*Exercise:* The reply should contain all the data below, repeated exactly, and none of the images.

*Provided material:*
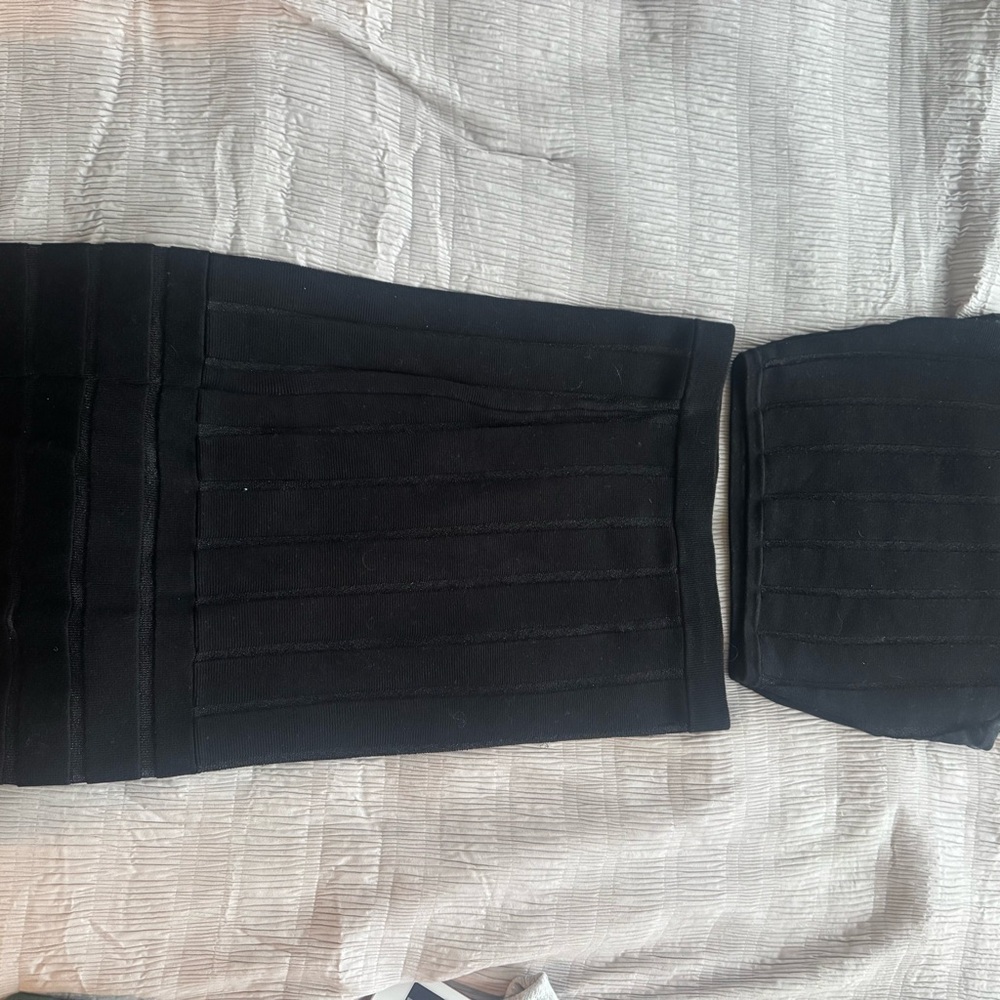 Black club set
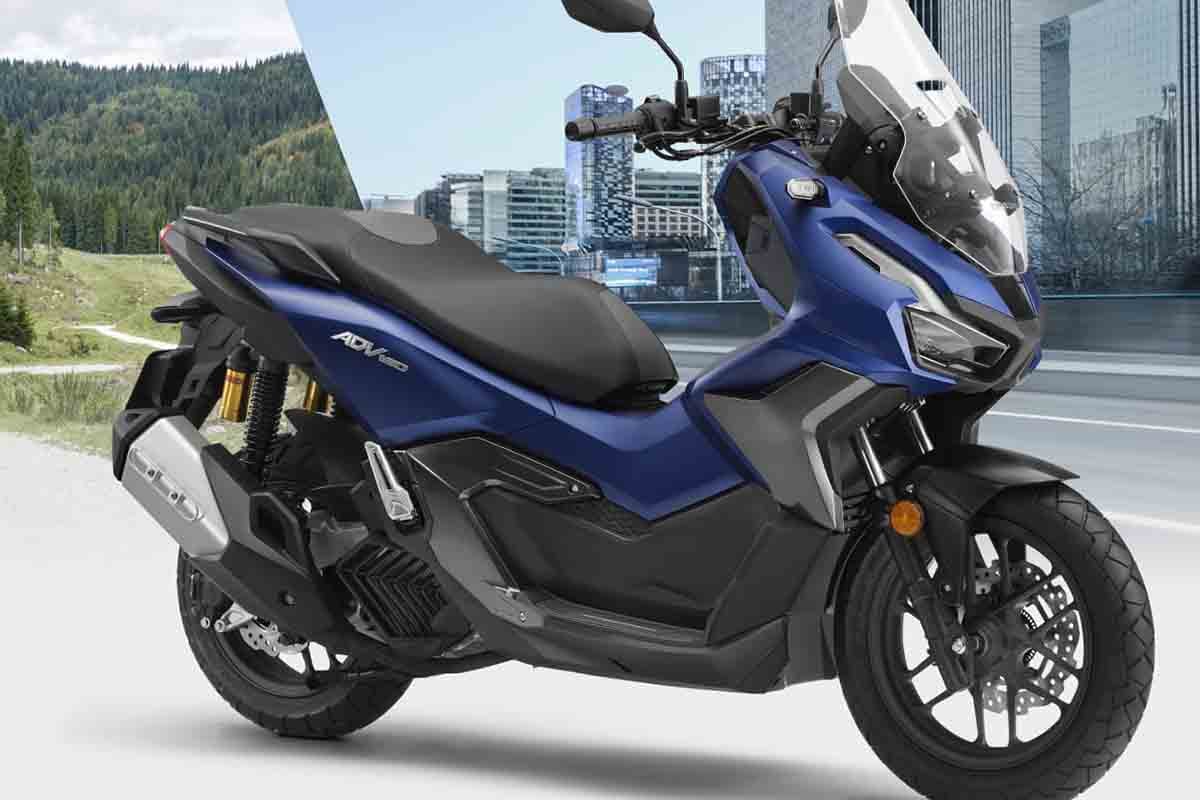 ホンダ「ADV160」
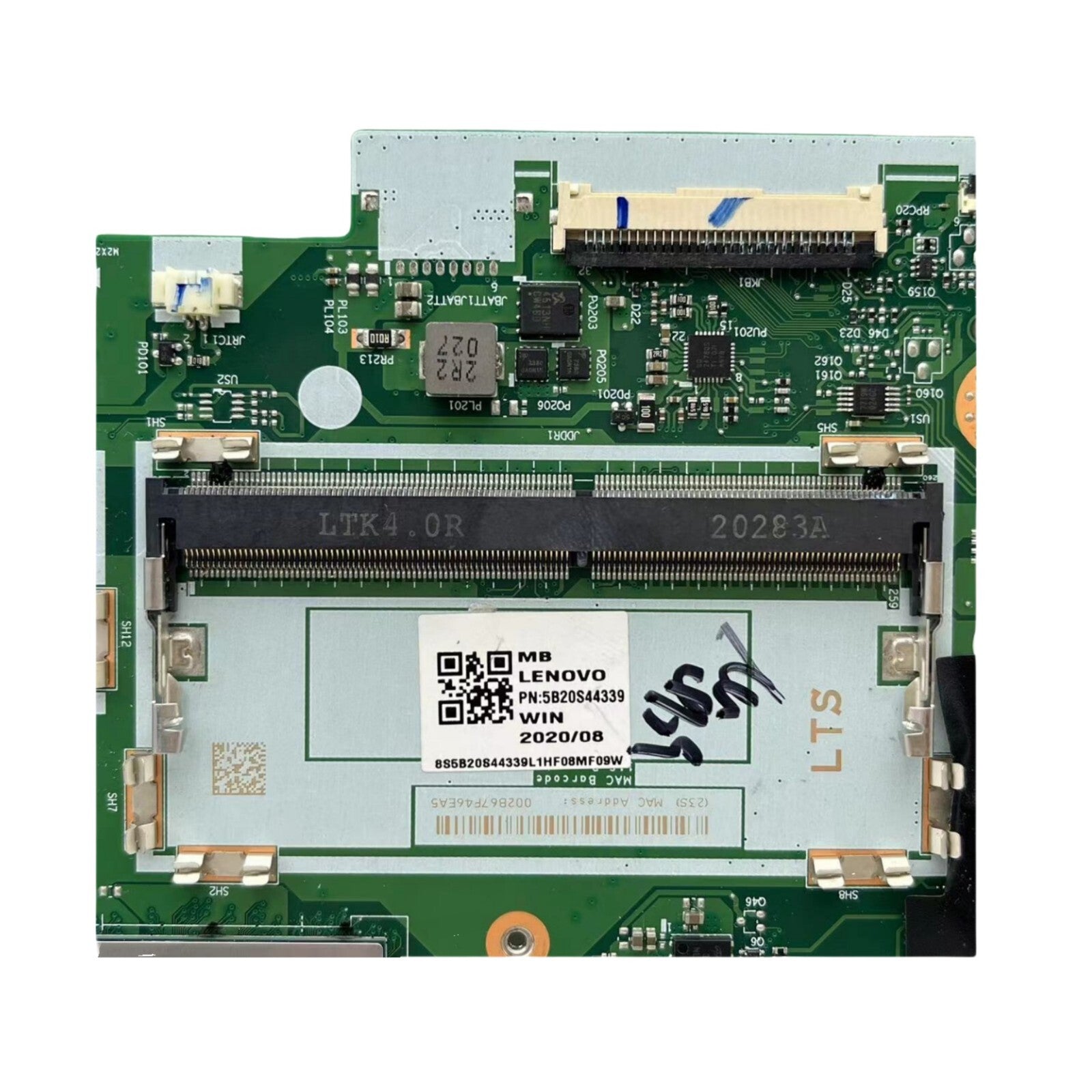 Lenovo V15-ADA Motherboard NM-D151 5B20S44339 with R5-3500U and 4GB RAM - Upgrade Your Laptop Performance - Bighao-Era Laptop part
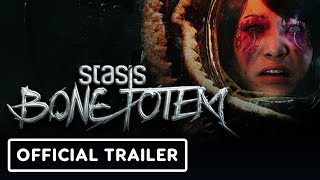 Stasis Bone Totem  Exclusive Trailer  Black Summer 2023 [upl. by Glynn]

*Exercise answer:*
 Black club set
 ホンダ「ADV160」
 Lenovo V15-ADA Motherboard NM-D151 5B20S44339 with R5-3500U and 4GB RAM - Upgrade Your Laptop Performance - Bighao-Era Laptop part
 Stasis Bone Totem  Exclusive Trailer  Black Summer 2023 [upl. by Glynn]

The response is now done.